Pre-game partying in a suite fueled by wine, Cuervo and margaritas. Clandestine couples coming out, or trying to hide that they’re sharing a room upstairs. Dresses worn by women who shouldn’t be wearing them. Not enough champagne. The girl who forgets every year that she’s at a company party and not in a Beyonce video. Sushi to the hilt. Me hitting it off with Eric from Sales and trying not to look like a dog in heat licking my chops. Too many hot gay guys (what a waste!). Office geeks dressed up and looking bangable hot. Me eyeballing the roommate of a coworker who I initially dropped as a prospect months earlier, only to have him clean up well and render himself worthy of reconsideration. A decent band. Dancing with coworkers you don't normally talk to. Post-gaming back in the suite.

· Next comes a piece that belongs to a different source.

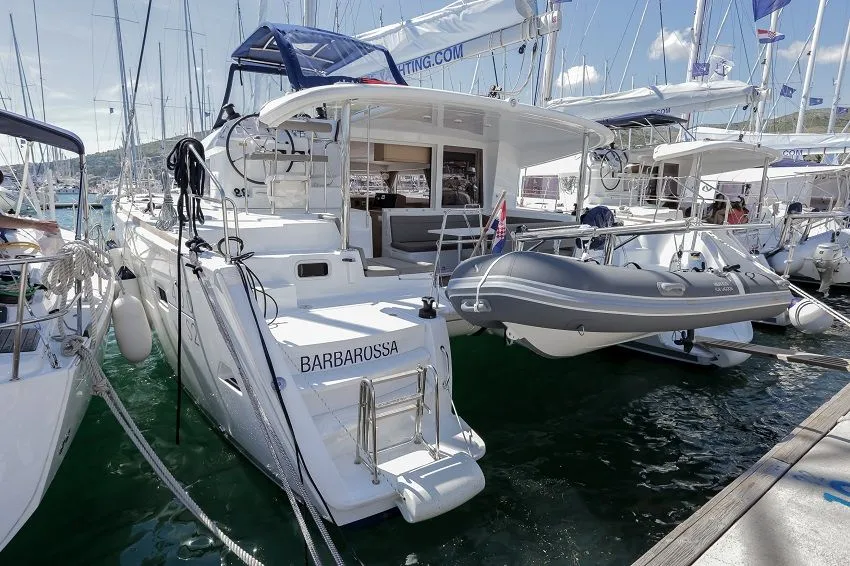 Barbarossa Charterboot - 3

Argh! I have five days left in the office before vacation and I'm about to pull my hair out. My laptop is heading on vacation with me. I have colleagues in Singapore, Sao Paulo and Berlin making me nuts. I am surrounded by the Twelve Days of Office Idiots. Haven't heard shit about holiday bonus checks. Received only one lousy vendor Christmas card. And to top it off, the holiday gift basket selection this year blows donkey chow. What's a girl to do to stay off the CNN breaking news ticker for pulling a postal worker? If I can just make it to 3:00 when the office closes today I'll be sane. Somewhat. Many people have debated my sanity for years. Science is working on a cure and my telethon is scheduled for this weekend. Please give 'til it hurts.
Oh - and if I hear the song "Feliz Navidad" one more time, I am going crazy and taking people with me. Seriously!
Nice day. But hell if I didn't get reamed a new asshole because of my adrenaline-fueled late night visit to tell Jim to go fuck himself. Everyone says I was "stupid" (the most widely used term). I have no regrets because I stuck up for myself. Am I missing something? Was it really that stupid and I don't see it?
Last night aside, tonight is good. Pretty good. Worked a little late, picked up some champagne, and as tradition calls for, put up the Charlie Brown Christmas Tree. I debated - to tree, or not to tree - but decided to tree because I didn't do one last year. I was in Warsaw and Madrid last year and I had no time to put it up. Plus, it kinda became a "thing" with Richard and I. Bite him. Tree I did. Every year I put it up on what was my parents' wedding anniversary (they're both gone now, so I keep the tradition alive). Each year they picked up a bottle of champagne and dug out the decorations. I also got to break out some cool ornaments I bought in the last two years. It sounds girly lame, but a few years back one of my friends introduced me to the female practice of buying ornaments from cities I've visited. So now, any time I travel for work or play I shop for an ornament that says the location. Geeky, I know. But I do have some cool ornaments. My tree is like my own little Xmas Rand McNally map/scrapbook. Even lamer, I am attaching photos of my favorite ones. The Cubs one reflects my baseball passion. :) Forgive me. Remember: Buy the ticket, take the ride.
A couple good episodes of South Park, a Christopher Guest movie (Best in Show), pasta and my favorite robe round out the night. And no phone calls from the idiot!!! Ahhhhhhh (huge grin).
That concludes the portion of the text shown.